[Foundation-l] Format Conversion

Ivo Emanuel Gonçalves justivo at gmail.com
Mon Jan 21 18:20:35 UTC 2008


On 1/21/08, Erik Moeller erik at wikimedia.org wrote:
> It's worth noting that video on the web was viable for millions of
> users long before YouTube -- the YouTube success story is not
> one of bandwidth, but of usability.

I'm afraid to disagree with you.  It's the bandwidth that made it
possible to create a site where anyone would be able to upload a
video, no matter how crappy, stupid, or idiotic it may be.  And that
drove in the (mindless) crowds.  For instance DivX's Stage6, which
only uses DivX not Flash, is popular, but it only showed up about the
same time YouTube did.  Again, because of the bandwidth.  Me, I can't
play any video on Stage6 and YouTube tends to occasionally crash my
browser.  I wouldn't say my experience on its usability has been
favorable, though I do agree that without some usability YouTube
wouldn't go anywhere.

> Before Flash players became widespread, playing video on
> the web was a constant hassle: one would struggle with Real Player,
> Quicktime, Windows Media Player, etc., and an additional number of
> specialized plugins, all of course proprietary.
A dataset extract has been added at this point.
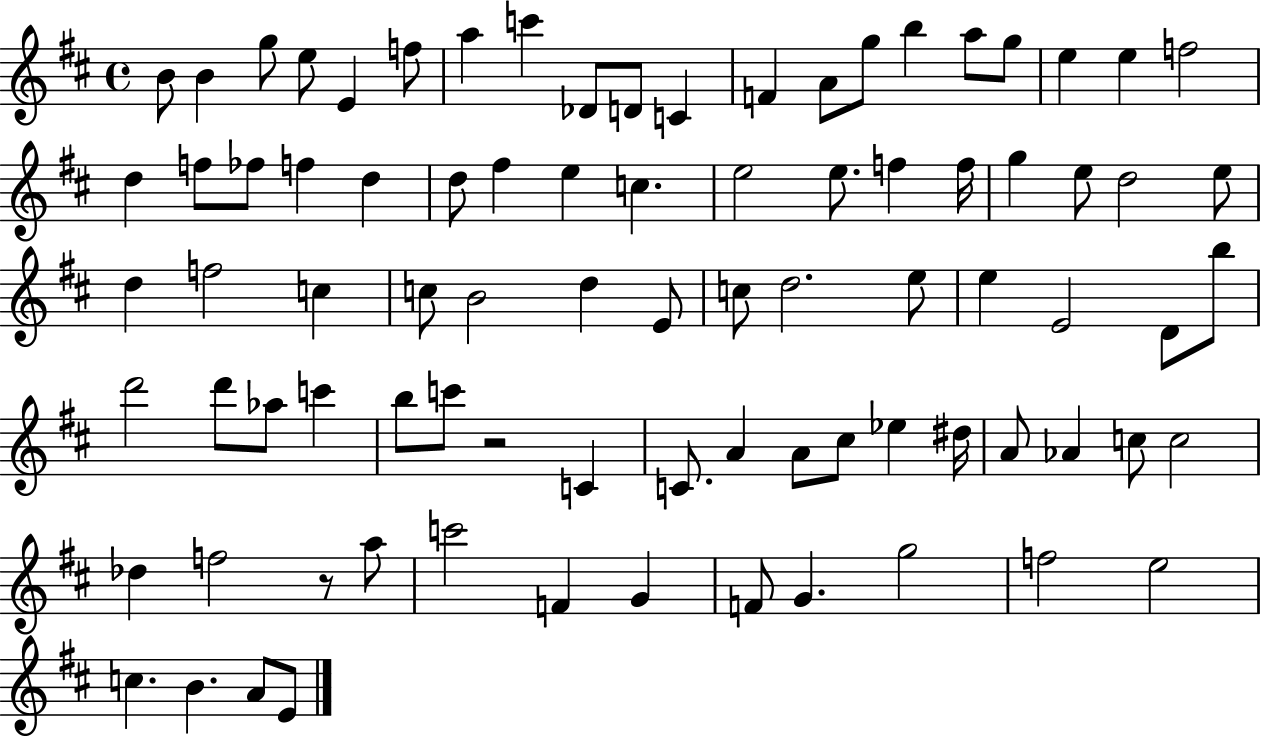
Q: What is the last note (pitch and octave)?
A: E4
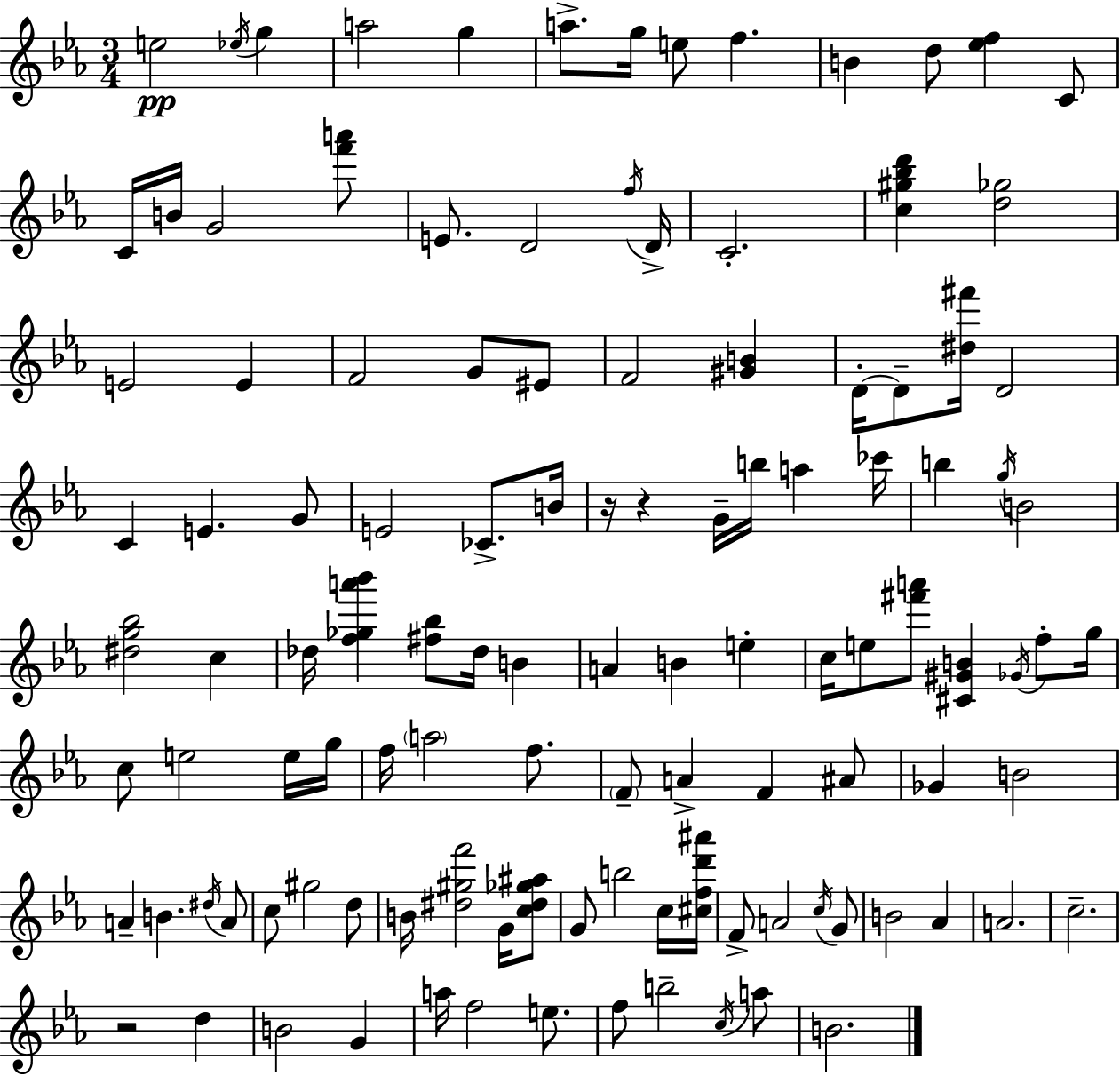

Flash players have been widepsread for a while.  Ever heard of a
little corner on the web called Newgrounds?  It's been around since
what, 1999?  Yeah, it does help to have one single plugin that seems
to play everything, but it's not the sole reason why it has become
popular.  The wisdom of the crowds, or something of that sort.  You'll
also note that all those other plugins you mentioned have always had
problems working on different systems.

I believe that some benign entity, perhaps, Wikimedia Foundation
should sponsor two projects: an online transcoding backend to Ogg
Video and an actual plugin akin to the Flash Player.  The Xiph Player
if you will.  The backend would be most useful for the Wikimedia
projects, while the player would in theory be the right fix until
every browser learns the <video> tag which would help both the
Wikimedia projects and other initiatives willing to promote free video
AKA Open Media.

And why doesn't anyone do an Ogg Video player based on the torrent
protocol?  Like what Azureus is doing now?  That's because people are
content with what they have and don't think of the future like Gregory
Maxwell mentioned on an earlier message.

> Whether one believe's Adobe's numbers of 98%+ adoption of Flash in
> "mature markets" (as opposed to 84.6% for Java) [1], YouTube and its
> clones made it ridiculously easy for millions of people to view video
> on the web who couldn't before.

Again, the argument is bandwidth.  Try getting a time machine and--
no, wait, are you outside Europe?  Just get a 56k line and try
watching terabytes of video.  Oh, it doesn't work does it?  So much
for Flash to take away all those problems.

> My fear is that by locking ourselves into Ogg Theora only, we are
> replicating the pre-YouTube experience of video that may or may not
> work, may or may not require installation of additional plugins, etc.

This is a transitional phase.  Prophecy tells of a hero of distant
land and unknown past whom will come forth to save the world from the
evils of bad usability.  Or rather someone will understand that this
situation is not optimal and will actually DO something to fix it.

> I suspect that the only effect a completely purist stance will have is
> simply that people will go elsewhere for video educational content.

Where?  YouTube?  You gotta be kidding me.  Here's a sample of
educational concent from YouTube:

"LOL WAKE UP SHEPPLE"

"omg that cat iz sooooooooooooo cutteeee~"

"wow shes hot!!!!"

"NINELEVEN WAS AN INSIDE JOB!  WAKE UP SHEPPLE!"

> If Ogg Theora is the future, then choosing parallel distribution now
> on a site that is not a significant source of video educational
> content will have no negative impact.

Oh, it is my friend.  You see, humans are creatures of habit.  You
teach them to use this parallel distribution method, and they won't
turn away for "the future" any time soon.  The future is now.  If one
wants to make it work, one has to go and actually do work to make it
as easier to use for the crowds as possible, IF that's what you deem
to be the obstacle.

Me, I think people just don't care about educational content, which
perhaps would explain why for instance Wikipedia has an article for
every one of the 500-something Pokemon's as well as an article about
Star Wars lightsabers being vastly more worked than biographies of
people who did some of the biggest discoveries of their age.  Heck, it
won't stop me from trying to make Wikipedia the best encyclopedia in
the world, but I am one of the _few_, not the majority.

Mr Erik, help Wikimedia go in the right direction.  No backpeddling, please.